Die Moderne


Unvorstellbar, dass die barocke Kirche von 1929 bis 38 gründlich restauriert wurde, um dann im Bombenhagel des 2. Januar 1945 innerhalb weniger Stunden ebenso gründlich beschädigt und zerstört zu werden! Wieder bleiben die Historischen Kapellen und die Sakristei erhalten.
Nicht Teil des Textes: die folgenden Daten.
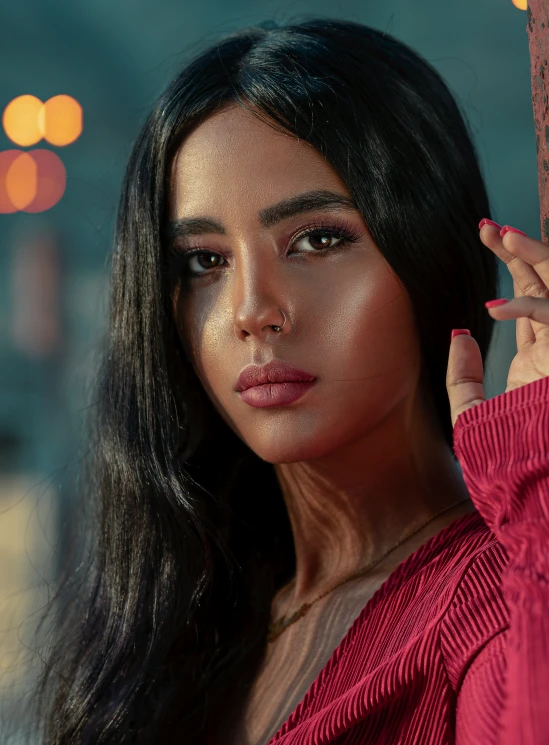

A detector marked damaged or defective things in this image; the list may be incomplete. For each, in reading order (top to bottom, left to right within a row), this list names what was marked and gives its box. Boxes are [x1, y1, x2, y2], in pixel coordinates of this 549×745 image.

rusty metal pole [524, 0, 548, 238]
Und damit die große Breite und Spannung einer über die Jahrhunderte von der Romanik über die Gotik zum Barock reichenden Anschauung des Glaubens.
Warum wurde St.Egidien – wie etwa St. Lorenz oder St. Sebald – dann nicht noch einmal restauriert, sondern – mit Ausnahme der Stuckdecke im Ostchor – auf einen farb- und bilderlosen, protestantischen Barock reduziert – kein Vergleich zu dem, was einmal war? Die auch nach 60 Jahren noch anhaltende Diskussion verweist auf ein durchgängiges Gestaltungsprinzip: Wir können viel oder wenig Geld verbauen, aber wir können nicht gegen unser eigenes Zeit- und Lebensgefühl anbauen. Dieses Gefühl konnte sich nach dem 2. Weltkrieg und der nationalsozialistischen Herrschaft im barocken Triumph des Himmels über die Hölle nicht wiederfinden.

Eher schon in den spärlichen Fotos, die vom Ende und der Katastrophe der Stadt und ihrer Kirchen handeln. Sie sind zu Ikonen der Verwundbarkeit geworden, die merkwürdigerweise dieselbe Aufmerksamkeit und stille Betrachtung erfahren wie der Lorenzer Engelsgruß oder das Sebaldusgrab.

Das Einzige, was den Egidiern blieb, waren – im Unterschied zum gebunkerten Kunstgut von St. Sebald und Lorenz – die barocken Mauern einer leeren Kirche.
Diese Leere – Urform und erste Kirche des in Jerusalem umbauten leeren Grabes Christi – wirkte wie ein Signal: Diese Kirche will erfüllt und belebt werden durch Licht von außen und die Menschen, die vorbei kommen oder hier zu Hause sind.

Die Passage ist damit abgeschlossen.